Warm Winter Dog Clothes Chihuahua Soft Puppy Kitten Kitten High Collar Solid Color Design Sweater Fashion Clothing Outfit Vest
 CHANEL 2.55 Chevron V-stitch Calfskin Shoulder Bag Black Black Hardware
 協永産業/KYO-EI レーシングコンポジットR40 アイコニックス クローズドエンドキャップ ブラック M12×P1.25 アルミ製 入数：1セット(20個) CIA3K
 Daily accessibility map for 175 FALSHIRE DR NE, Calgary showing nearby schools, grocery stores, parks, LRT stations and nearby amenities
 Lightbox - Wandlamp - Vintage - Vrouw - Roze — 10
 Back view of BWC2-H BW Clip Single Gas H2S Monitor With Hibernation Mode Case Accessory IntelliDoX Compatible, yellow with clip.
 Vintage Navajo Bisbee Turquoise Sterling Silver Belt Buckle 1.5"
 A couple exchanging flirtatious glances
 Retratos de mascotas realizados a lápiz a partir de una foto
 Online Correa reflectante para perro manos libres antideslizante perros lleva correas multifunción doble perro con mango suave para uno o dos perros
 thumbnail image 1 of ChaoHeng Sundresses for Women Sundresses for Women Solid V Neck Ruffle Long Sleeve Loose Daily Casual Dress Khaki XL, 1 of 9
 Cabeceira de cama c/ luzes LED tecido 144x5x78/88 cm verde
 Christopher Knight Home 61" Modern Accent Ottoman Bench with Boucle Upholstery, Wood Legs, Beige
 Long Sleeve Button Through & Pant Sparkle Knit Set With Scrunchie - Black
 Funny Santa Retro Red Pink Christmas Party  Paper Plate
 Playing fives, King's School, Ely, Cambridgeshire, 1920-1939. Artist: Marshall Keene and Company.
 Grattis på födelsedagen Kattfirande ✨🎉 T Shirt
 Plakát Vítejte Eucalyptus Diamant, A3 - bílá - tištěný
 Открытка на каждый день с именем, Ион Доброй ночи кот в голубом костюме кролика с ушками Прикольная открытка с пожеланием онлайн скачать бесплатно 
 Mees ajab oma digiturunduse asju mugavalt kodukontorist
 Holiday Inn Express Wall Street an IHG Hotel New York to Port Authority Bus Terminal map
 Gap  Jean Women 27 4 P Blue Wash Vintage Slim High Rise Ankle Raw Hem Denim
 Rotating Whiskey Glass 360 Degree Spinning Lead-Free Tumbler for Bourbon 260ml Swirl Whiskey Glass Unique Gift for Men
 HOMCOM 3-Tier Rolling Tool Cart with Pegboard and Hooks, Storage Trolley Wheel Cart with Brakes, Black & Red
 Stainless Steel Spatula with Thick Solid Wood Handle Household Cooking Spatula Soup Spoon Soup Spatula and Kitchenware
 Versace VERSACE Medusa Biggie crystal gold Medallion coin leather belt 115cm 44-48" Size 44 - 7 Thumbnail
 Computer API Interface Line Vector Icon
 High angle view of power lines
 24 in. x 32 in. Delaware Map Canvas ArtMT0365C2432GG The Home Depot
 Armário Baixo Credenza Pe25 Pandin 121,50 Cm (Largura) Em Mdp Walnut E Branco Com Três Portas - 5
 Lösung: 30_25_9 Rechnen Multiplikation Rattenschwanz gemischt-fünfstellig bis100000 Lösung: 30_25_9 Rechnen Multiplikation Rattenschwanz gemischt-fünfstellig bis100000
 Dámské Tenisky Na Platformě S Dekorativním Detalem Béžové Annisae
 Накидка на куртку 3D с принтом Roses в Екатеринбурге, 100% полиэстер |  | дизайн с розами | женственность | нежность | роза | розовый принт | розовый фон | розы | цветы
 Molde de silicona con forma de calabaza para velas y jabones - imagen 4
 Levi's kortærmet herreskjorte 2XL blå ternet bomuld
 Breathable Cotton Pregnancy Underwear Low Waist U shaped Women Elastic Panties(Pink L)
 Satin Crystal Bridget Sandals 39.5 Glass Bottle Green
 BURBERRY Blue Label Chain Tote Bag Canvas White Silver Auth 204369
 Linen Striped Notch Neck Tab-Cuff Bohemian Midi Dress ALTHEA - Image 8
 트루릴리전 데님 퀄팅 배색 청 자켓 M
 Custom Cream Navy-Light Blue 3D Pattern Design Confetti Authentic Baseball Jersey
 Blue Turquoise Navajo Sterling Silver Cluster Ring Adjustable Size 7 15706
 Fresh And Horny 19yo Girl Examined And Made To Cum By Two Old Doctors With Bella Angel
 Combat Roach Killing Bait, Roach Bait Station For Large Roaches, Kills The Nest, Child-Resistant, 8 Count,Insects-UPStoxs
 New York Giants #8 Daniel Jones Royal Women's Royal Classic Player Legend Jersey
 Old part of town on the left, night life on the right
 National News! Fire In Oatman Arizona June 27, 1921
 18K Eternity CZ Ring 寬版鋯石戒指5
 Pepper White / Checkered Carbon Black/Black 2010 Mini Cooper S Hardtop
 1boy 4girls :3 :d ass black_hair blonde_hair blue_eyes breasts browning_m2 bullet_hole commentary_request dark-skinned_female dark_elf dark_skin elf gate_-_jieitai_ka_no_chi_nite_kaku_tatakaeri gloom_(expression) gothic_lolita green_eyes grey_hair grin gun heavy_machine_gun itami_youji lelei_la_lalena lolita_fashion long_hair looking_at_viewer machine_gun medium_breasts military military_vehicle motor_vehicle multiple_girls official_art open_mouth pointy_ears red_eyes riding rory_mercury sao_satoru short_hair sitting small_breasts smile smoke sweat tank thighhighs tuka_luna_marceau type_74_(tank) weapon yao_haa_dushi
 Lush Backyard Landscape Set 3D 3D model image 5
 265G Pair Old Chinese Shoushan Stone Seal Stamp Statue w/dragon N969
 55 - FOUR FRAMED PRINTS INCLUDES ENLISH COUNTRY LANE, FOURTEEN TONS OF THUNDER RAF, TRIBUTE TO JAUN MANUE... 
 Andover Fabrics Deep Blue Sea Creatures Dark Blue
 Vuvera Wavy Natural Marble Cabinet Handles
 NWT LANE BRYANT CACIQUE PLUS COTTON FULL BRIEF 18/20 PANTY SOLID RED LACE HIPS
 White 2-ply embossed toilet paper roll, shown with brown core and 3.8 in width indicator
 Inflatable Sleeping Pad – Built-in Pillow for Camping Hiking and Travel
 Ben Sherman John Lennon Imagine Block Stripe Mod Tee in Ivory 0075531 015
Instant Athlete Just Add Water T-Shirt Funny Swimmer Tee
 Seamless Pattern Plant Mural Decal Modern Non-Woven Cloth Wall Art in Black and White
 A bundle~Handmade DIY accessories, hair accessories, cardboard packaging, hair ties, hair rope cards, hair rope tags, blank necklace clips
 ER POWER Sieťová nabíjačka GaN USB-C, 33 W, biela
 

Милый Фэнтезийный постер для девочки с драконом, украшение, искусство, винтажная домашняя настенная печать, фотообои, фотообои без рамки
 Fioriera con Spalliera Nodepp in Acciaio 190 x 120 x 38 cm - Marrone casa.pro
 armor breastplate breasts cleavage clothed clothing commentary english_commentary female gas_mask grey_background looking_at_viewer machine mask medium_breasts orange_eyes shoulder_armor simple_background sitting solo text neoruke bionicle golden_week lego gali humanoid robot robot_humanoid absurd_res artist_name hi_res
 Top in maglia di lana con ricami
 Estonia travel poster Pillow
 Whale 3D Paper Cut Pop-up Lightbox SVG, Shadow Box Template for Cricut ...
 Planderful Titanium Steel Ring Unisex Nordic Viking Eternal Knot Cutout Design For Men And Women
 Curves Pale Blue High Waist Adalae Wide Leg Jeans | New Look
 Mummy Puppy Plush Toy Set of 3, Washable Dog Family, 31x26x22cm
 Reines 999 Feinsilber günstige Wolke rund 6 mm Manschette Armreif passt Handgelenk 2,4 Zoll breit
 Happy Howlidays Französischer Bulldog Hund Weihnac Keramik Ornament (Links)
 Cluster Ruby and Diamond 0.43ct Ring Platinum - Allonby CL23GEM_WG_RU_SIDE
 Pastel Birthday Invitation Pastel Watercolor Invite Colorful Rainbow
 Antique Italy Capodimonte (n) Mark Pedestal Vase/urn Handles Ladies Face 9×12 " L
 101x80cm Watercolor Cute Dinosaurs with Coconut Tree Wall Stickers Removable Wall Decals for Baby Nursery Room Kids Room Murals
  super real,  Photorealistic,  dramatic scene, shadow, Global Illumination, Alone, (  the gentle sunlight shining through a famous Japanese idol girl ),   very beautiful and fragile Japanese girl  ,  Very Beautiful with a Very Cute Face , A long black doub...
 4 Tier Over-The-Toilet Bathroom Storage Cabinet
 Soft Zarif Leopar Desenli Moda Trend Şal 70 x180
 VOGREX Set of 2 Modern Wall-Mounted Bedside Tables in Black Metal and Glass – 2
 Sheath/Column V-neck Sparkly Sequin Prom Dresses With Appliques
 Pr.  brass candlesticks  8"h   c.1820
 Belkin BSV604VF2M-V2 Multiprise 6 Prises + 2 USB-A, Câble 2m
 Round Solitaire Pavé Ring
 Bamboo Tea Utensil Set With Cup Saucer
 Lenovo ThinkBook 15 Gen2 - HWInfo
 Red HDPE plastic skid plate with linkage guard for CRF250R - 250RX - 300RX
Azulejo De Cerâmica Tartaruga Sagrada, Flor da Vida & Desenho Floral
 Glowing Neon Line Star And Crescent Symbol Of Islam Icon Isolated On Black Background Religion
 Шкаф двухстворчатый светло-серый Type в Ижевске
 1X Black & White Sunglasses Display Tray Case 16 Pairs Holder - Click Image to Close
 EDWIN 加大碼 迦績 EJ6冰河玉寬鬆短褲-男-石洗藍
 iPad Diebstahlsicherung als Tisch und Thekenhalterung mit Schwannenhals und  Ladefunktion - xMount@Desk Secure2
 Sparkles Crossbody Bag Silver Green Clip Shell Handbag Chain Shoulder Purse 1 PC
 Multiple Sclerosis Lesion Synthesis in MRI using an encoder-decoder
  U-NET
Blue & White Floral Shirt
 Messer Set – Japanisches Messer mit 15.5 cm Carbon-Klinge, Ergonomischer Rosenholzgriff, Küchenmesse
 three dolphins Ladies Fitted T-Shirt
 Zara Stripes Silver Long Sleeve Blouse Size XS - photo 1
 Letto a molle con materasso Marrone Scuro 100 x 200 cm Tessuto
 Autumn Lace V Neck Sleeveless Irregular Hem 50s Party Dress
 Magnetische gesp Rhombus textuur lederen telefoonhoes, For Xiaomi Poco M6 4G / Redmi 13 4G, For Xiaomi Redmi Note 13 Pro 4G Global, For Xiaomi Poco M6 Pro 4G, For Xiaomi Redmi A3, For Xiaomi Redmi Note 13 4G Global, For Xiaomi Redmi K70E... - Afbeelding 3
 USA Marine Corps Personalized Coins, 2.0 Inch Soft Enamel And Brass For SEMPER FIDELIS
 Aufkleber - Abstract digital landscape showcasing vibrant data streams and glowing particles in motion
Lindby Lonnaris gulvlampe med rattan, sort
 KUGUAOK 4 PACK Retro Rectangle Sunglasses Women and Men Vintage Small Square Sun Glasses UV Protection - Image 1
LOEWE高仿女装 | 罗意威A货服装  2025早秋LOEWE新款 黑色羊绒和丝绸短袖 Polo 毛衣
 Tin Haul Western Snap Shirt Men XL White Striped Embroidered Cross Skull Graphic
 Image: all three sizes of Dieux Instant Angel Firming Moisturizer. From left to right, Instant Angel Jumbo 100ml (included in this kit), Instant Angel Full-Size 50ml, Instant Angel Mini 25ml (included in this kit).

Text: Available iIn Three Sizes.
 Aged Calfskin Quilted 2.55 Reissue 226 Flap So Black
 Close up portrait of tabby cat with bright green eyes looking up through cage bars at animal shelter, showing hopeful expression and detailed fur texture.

> **Your task**: In the listing above, locate the line containing "Blue Turquoise Navajo" and the line containing "265G Pair Old". Transcribe those two lines and everything between them, exactly as written.

> **Response to this task**:
 Blue Turquoise Navajo Sterling Silver Cluster Ring Adjustable Size 7 15706
 Fresh And Horny 19yo Girl Examined And Made To Cum By Two Old Doctors With Bella Angel
 Combat Roach Killing Bait, Roach Bait Station For Large Roaches, Kills The Nest, Child-Resistant, 8 Count,Insects-UPStoxs
 New York Giants #8 Daniel Jones Royal Women's Royal Classic Player Legend Jersey
 Old part of town on the left, night life on the right
 National News! Fire In Oatman Arizona June 27, 1921
 18K Eternity CZ Ring 寬版鋯石戒指5
 Pepper White / Checkered Carbon Black/Black 2010 Mini Cooper S Hardtop
 1boy 4girls :3 :d ass black_hair blonde_hair blue_eyes breasts browning_m2 bullet_hole commentary_request dark-skinned_female dark_elf dark_skin elf gate_-_jieitai_ka_no_chi_nite_kaku_tatakaeri gloom_(expression) gothic_lolita green_eyes grey_hair grin gun heavy_machine_gun itami_youji lelei_la_lalena lolita_fashion long_hair looking_at_viewer machine_gun medium_breasts military military_vehicle motor_vehicle multiple_girls official_art open_mouth pointy_ears red_eyes riding rory_mercury sao_satoru short_hair sitting small_breasts smile smoke sweat tank thighhighs tuka_luna_marceau type_74_(tank) weapon yao_haa_dushi
 Lush Backyard Landscape Set 3D 3D model image 5
 265G Pair Old Chinese Shoushan Stone Seal Stamp Statue w/dragon N969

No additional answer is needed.